I don’t know if this particular essay will go anywhere, but I’ve been working on it for a while. On the days when I think, “This piece might never come together,” I use it for practice in various aspects of craft, and hope maybe I will feel differently about it on another day.
When I first started working on essays I didn’t understand the power — and necessity — of numerous revisions. After toiling away at a piece for maybe a few weeks and finishing several drafts, I wanted to be done. I was, in fact, indignant at the idea that the piece wasn’t finished. What? I’ve worked so hard, this is all I can do! What more do you want from me, essay?
I’ve come a long way since then. I know there are writers out there who can lay it all down in just a few drafts, or maybe even in just one or two drafts. But I often have to revise a piece several times, then set it aside and not think about it for a while, and then revise it again, sometimes a few, sometimes many more times. Revision is actually becoming one the most enjoyable aspects of writing for me. The hard part is done — getting a whole bunch of words down on paper. Now I can fine-tune, improve language, chop-chop where things are extraneous, feel good when things “click” — when they start to make sense and come together. Sometimes a piece surprises me and turns out to be about something completely different than I expected, all because of ideas that came up during revision.

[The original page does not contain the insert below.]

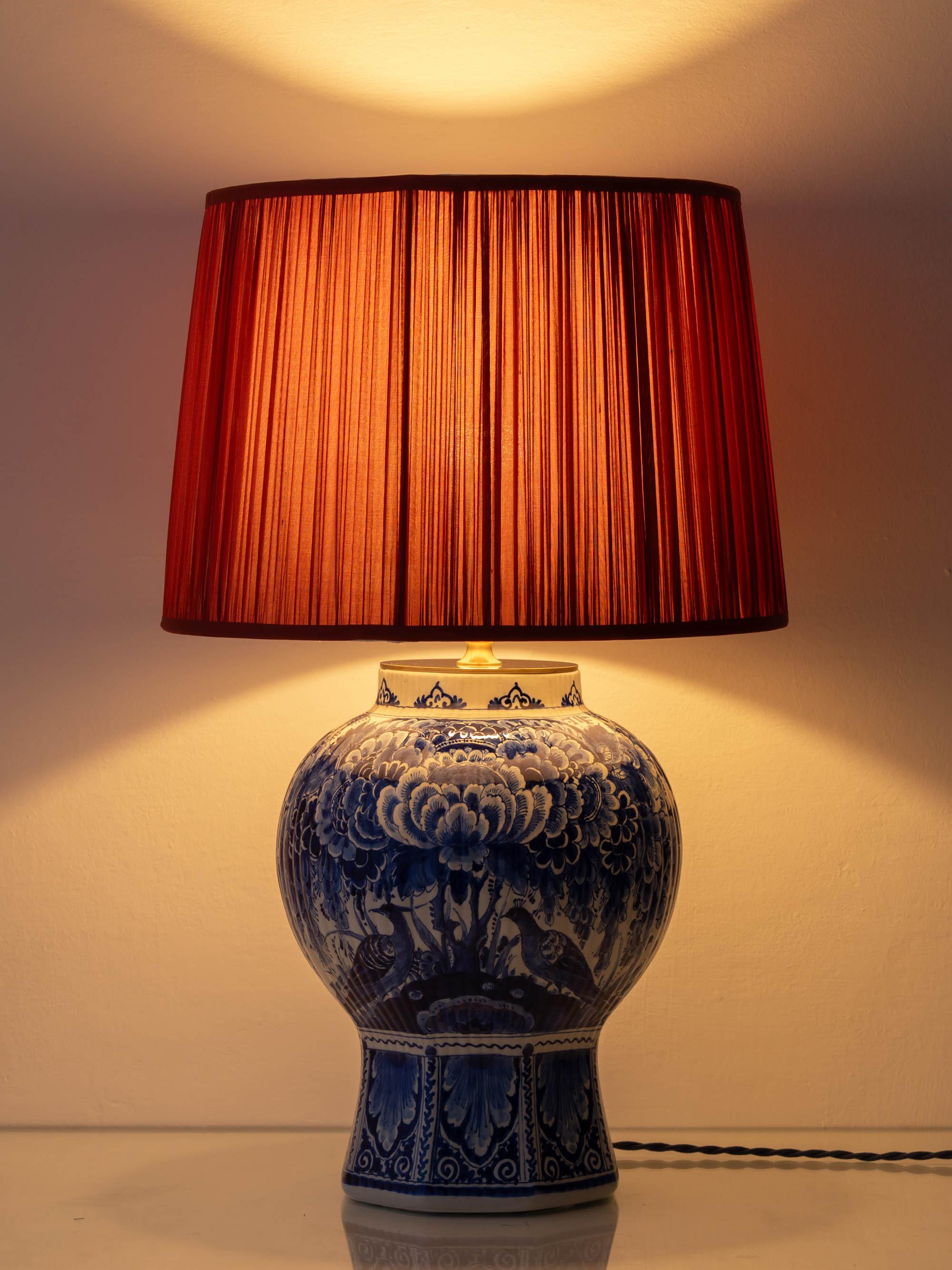 Grande lampe de table en céramique hollandaise Delft bleue et blanche peinte à la main, 1961 en vente 5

The only question is — when is a piece ever done? I haven’t figured out the answer to that yet. It feels like the work can always get better. But a piece might be done when you find yourself staring at the pages and notice, finally, that they are staring back at you without begging for more changes.

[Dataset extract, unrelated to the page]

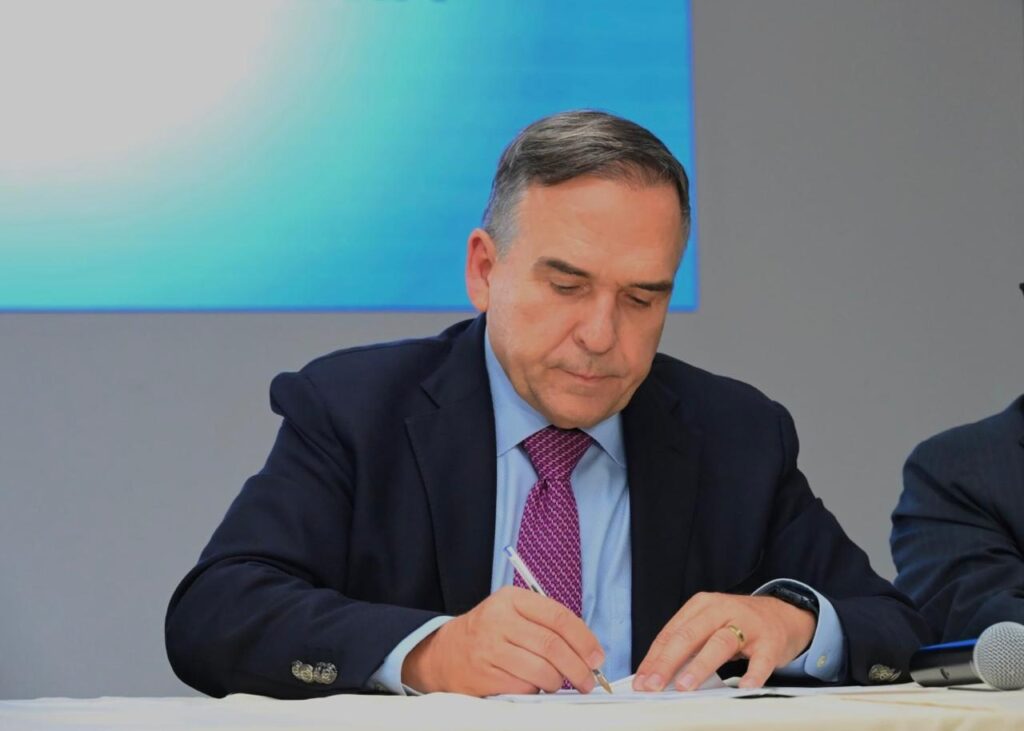 Sandro Mabel sanciona lei para combater violência contra idosos sandro-mabel-sanciona-lei-para-combater-violencia-contra-idosos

At that point, for me, it feels like there’s no more to say. Until the next essay, anyway.






I understand what you’re saying, Faye. My first or early drafts make me wonder why I ever thought I could write. I, too, have come to appreciate and enjoy the revision process. I know I’m done after I’ve gone through a cycle of loving it, hating it, loving it, hating it, and finally end with: I can’t look at it anymore. Good for you (for all of us) who keep at it. For me, it’s the only way.